Work to be completed: Write out the data exactly, please, and omit the pictures.

*** Opening Data provided ***

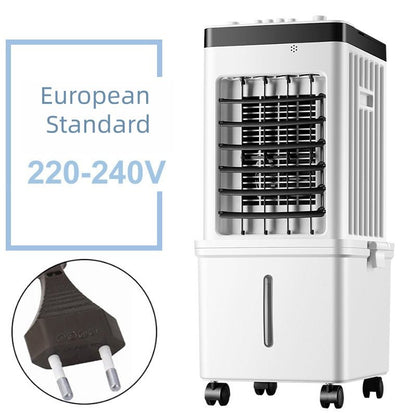 Stylish Dual Control Cooling Fan - Sash Store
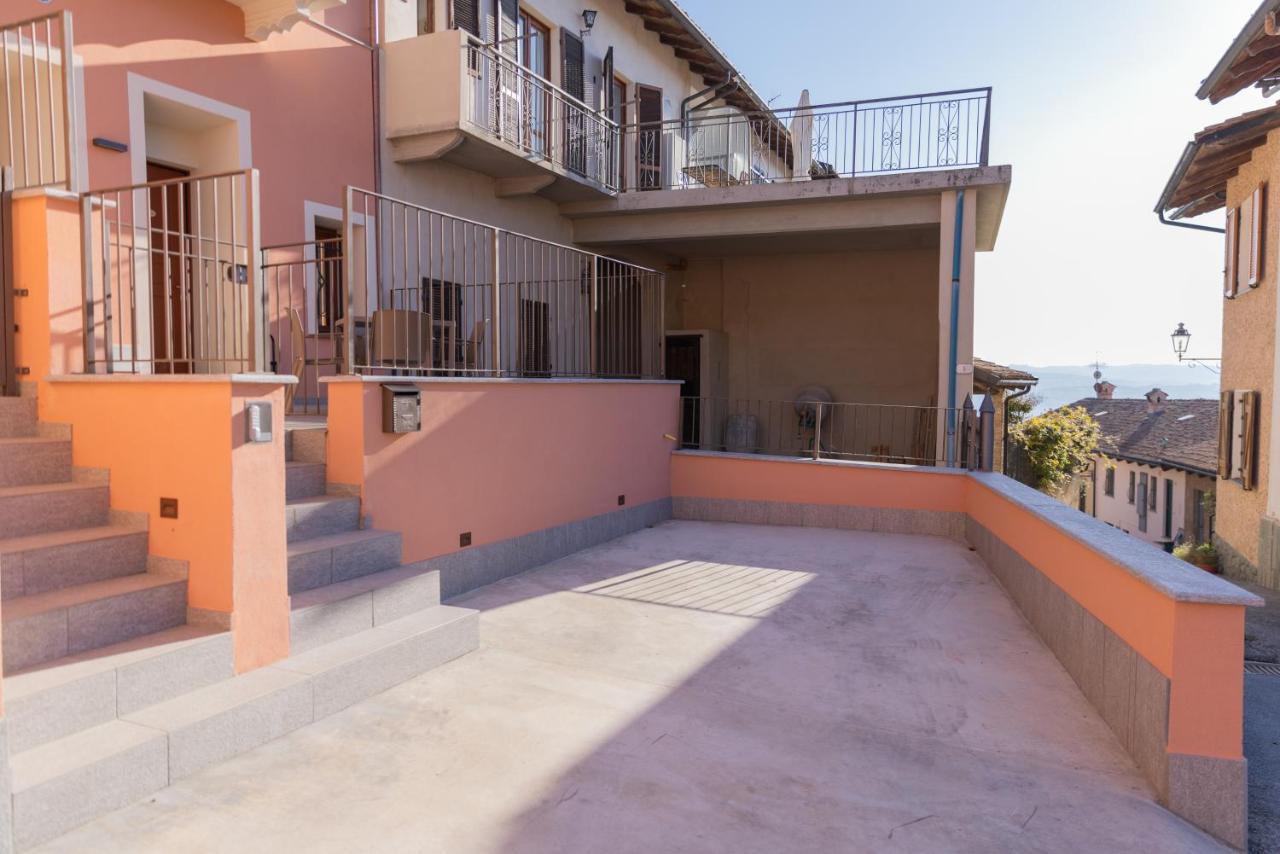 Buonvivere House Verduno Buitenkant foto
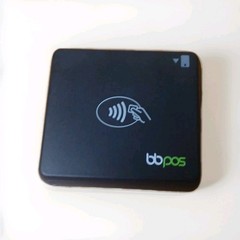BBPOS Chipper CHB20 BT Bluetooth NFC Card Reader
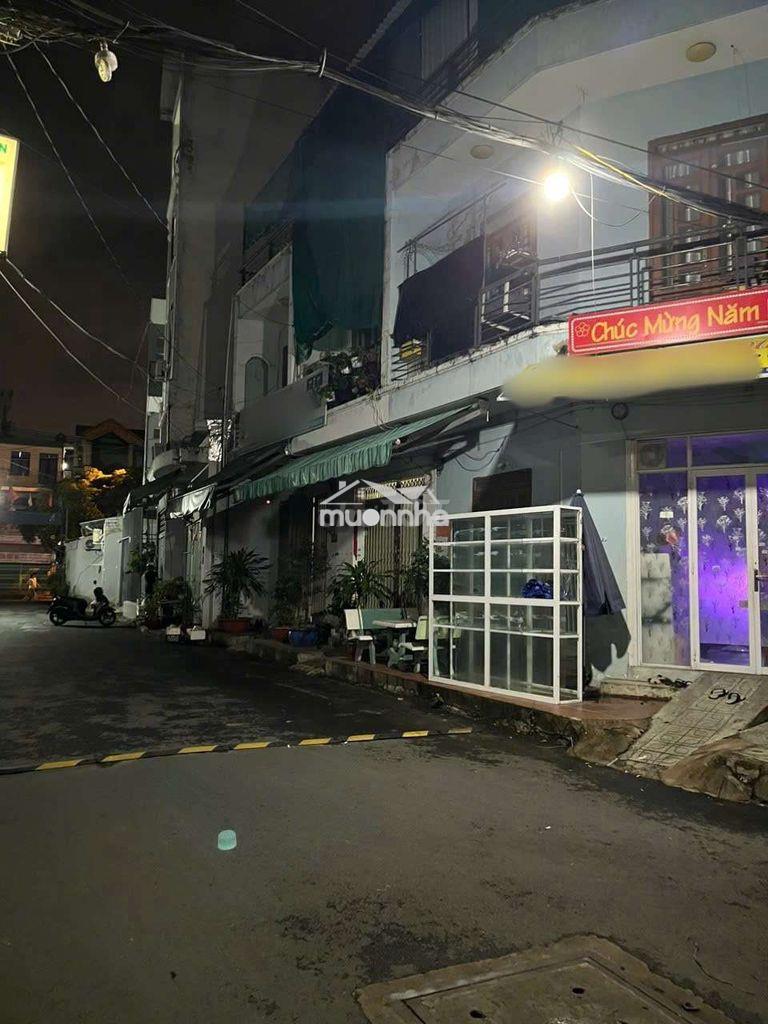 Nhà nguyên căn 1 trệt 1 lầu hẻm xe hơi an ninh - 2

*** Closing Data provided ***

Solved exercise:
 Stylish Dual Control Cooling Fan - Sash Store
 Buonvivere House Verduno Buitenkant foto
BBPOS Chipper CHB20 BT Bluetooth NFC Card Reader
 Nhà nguyên căn 1 trệt 1 lầu hẻm xe hơi an ninh - 2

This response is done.